Hezimetten podyumun zirvesine, Simon Yates

Mehmet Beygirci
Elit Köşe
Published in
3 min readSep 17, 2018
La Vuelta a Espana 2018 şampiyonu Simon Yates

Çok değil bundan sadece üç ay önce Finestre yokuşlarında, Giro de Italia’da büyük bir hezimet yaşamıştı Simon Yates. Kırmızı mayo üzerindeyken Christopher Froome’un mitik atağı karşısında duramayıp dökülmüştü. İki hafta boyunca harika bir şekilde yarışan, kırmızı mayoyu giymesine rağmen favori grup içerisindeki en atak sporcu olan Britanyalı belki de içinde yanan deli ateşin ve tecrübesizliğinin kurbanı olmuştu. Yıkım çok büyüktü.

La Vuelta a Espana’nın 2018 edisyonu geçtiğimiz gün koşulan Madrid etabının ardından sona erdi. Giro’da yaşadıklarından gerekli dersi çıkartan Simon Yates bu sefer benzer hatalara düşmedi ve kariyerindeki ilk büyük tur zaferini kazandı. Podyumu ise onunla birlikte belki de turun en büyük sürprizlerinden birine imza atan Quick-Step Floors’un genç İspanyolu Enric Mas ve tıpkı Giro’daki gibi üçüncü olan Astana Pro Team’den Miguel Angel Lopez oluşturdu.

Yarış boyunca zaten ne kadar formda olduğunu gösteriyordu Simon Yates. Henüz dördüncü etapta yaptığı atakla rakiplerine dişini göstermişti. Aslında yarış öncesi bu atağı da planlamıyordu, hissettiği için gittiğini söyledi. Etap sonunda bunu açıklarken rakiplerinin kendisini takip etmesini beklediğini ama kimse gelmeyince devam ettiğini söylüyordu. Kendisini iyi hissettiğini tüm yarış boyunca bize de gösterdi zaten. Pelotonda bacaklarına en çok güvenen isim oydu.

Giro’da olduğu gibi yine atak olan taraftı Simon Yates. İçindeki ateşi söndürmedi, onu doğru kullanmayı öğrendiğini gösterdi. Kırmızı mayosunu savunurken pasif değil aksine atak oynuyordu her zamanki gibi. Giro’ya göre stratejik olarak da çok daha hazır geldi buraya. Limitlerini bilerek, enerjisini doğru yerde harcayarak yarıştı. Özellikle son hafta, uzun ve yıpratıcı yokuşlarda rakiplerine atak yapma şansı bile tanımadı. Aksine deyim yerindeyse kontra ataklar yaparak rakiplerini döktü. Bu yarışı en çok isteyen isimdi ve hak ederek kazandı bu şampiyonluğu.
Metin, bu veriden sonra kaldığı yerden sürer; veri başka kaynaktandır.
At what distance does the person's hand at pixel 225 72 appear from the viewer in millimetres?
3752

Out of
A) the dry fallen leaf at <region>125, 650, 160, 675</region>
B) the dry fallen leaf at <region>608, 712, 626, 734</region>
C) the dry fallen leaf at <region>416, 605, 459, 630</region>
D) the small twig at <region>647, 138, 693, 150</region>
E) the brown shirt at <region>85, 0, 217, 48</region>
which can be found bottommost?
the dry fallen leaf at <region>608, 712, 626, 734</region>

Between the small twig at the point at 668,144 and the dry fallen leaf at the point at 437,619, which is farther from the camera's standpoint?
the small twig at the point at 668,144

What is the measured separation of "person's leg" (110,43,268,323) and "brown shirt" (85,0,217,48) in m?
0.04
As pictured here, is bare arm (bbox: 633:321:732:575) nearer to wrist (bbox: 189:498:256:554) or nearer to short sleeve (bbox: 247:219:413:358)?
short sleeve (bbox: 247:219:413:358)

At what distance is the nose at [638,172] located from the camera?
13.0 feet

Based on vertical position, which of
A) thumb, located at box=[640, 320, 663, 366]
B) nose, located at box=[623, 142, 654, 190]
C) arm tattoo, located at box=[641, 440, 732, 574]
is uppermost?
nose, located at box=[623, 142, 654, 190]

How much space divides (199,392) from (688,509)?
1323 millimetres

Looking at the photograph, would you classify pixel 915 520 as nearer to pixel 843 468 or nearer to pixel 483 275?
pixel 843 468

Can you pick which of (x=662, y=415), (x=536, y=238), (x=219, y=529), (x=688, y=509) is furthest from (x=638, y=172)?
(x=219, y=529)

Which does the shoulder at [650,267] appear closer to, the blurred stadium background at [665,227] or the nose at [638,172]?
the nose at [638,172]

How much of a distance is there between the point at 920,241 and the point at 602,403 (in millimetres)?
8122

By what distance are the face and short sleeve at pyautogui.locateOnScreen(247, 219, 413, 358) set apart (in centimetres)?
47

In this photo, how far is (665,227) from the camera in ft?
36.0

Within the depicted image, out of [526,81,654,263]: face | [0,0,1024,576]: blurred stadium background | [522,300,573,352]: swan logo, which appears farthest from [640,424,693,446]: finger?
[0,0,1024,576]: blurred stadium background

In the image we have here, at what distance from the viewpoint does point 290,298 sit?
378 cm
Son etap öncesinde podyumda yer alan ve renkli mayoları giyen isimler bir arada

Yarışın tek bir kazananı olsa da aslında La Vuelta a Espana 2018 birden fazla kazanan çıkarttı bana kalırsa. Özellikle Enric Mas ve Thomas De Gendt takdiri hak ettiler. Quick-Step Floors pek genel klasmanı düşünen, buna göre yarışan bir takım değil. Amaçları etap zaferi kovalamak ve takımlarını da buna göre oluşturuyorlar. Enric Mas da bu yüzden yarış boyunca tek başına savaştı. Onun yaşındaki bir bisikletçiye göre de neredeyse kusursuz bir iş çıkarttı. Pelotonun içinde iyi yer kaptı, dağlarda hiç geri adım atmadı. Zamana karşı etabında güzel yarıştı. Henüz 1995 doğumlu olduğunu düşünürsek gelecek için ne kadar çok şey vaad ettiğini gösterdi.
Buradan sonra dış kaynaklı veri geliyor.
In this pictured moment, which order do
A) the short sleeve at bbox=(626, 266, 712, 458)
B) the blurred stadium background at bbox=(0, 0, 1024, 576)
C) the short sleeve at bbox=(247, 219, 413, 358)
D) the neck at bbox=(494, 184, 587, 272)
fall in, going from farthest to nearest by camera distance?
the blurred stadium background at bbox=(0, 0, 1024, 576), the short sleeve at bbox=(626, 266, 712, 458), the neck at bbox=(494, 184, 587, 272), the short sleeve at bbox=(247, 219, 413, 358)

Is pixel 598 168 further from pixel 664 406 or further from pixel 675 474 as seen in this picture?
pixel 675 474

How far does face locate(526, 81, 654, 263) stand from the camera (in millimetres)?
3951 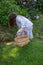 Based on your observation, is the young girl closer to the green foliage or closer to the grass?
the grass

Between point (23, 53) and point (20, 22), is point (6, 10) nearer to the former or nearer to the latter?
point (20, 22)

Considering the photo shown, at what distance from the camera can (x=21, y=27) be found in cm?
875

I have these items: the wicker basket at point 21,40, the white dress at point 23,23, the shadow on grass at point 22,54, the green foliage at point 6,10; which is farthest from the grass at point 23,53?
the green foliage at point 6,10

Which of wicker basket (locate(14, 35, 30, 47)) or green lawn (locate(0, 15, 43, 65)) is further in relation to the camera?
wicker basket (locate(14, 35, 30, 47))

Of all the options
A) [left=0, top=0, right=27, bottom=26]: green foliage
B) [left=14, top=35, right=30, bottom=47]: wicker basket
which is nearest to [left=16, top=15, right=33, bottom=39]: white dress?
[left=14, top=35, right=30, bottom=47]: wicker basket

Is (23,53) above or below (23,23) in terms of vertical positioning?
below

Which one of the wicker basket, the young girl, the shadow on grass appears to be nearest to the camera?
the shadow on grass

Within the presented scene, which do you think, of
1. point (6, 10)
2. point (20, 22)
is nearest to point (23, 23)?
point (20, 22)

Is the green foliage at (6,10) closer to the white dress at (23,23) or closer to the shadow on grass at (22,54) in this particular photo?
the white dress at (23,23)

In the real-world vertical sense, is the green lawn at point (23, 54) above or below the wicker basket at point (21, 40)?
below

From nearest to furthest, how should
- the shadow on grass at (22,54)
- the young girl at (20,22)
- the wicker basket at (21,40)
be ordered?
the shadow on grass at (22,54)
the wicker basket at (21,40)
the young girl at (20,22)

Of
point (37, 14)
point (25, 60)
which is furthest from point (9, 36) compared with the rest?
point (37, 14)

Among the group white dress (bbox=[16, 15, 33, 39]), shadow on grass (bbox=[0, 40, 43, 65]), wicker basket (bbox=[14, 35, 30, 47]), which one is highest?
white dress (bbox=[16, 15, 33, 39])

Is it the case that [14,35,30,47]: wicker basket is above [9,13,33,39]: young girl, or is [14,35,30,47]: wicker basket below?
below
Yarışın arka planda bir diğer kazananı ise Thomas De Gendt tabi ki. Onun ne kadar iyi bir kaçışçı ve etap avcısı olduğunu biliyoruz zaten. Sporun dinamiklerine çok hakim bir isim. Burada da bunu çok iyi sergiledi. İlk hafta kendisini sakladı, rakiplerinin yorulmasını geri planda izledi. İkinci haftayla birlikte de en iyi yaptığı şeyi yaptı, kaçtı. Yüksek puanlı dağ kapılarına gitti. Luis Angel Mate’nin ilk haftadaki cevval tavrını avantajına çevirdi. Ve sonunda da hak ettiği şekilde puantiyeli mayoyu yani “Dağların Kralı” mayosunu kazandı.

2018 La Vuelta’sından bahsederken bir isme değinmeden olmaz. Yaşlı kurt Alejandro Valverde. 38 yaşında ve Tour de France’dan çıktıktan sonra, üstelik takımının lideri değilken şu performansı sergilemek… Anlatacak kelime bulmak zor. Keşke podyumda o da olsaydı diyorum ben. Yakışırdı. Etap galibiyetleri ve puan mayosu ile yetinmek durumunda kaldı. Aslında çok da yakındı podyuma. Onyedinci etapta Yates’ten zaman çalmış, ondokuzuncu etaba başlarken onu en çok tehdit eden isimdi. Ama olmadı. Son iki günü çıkartamadı. Canı sağolsun demekten başka bir şey gelmiyor elden. Gönüllerde podyum yaptı yaşlı kurt.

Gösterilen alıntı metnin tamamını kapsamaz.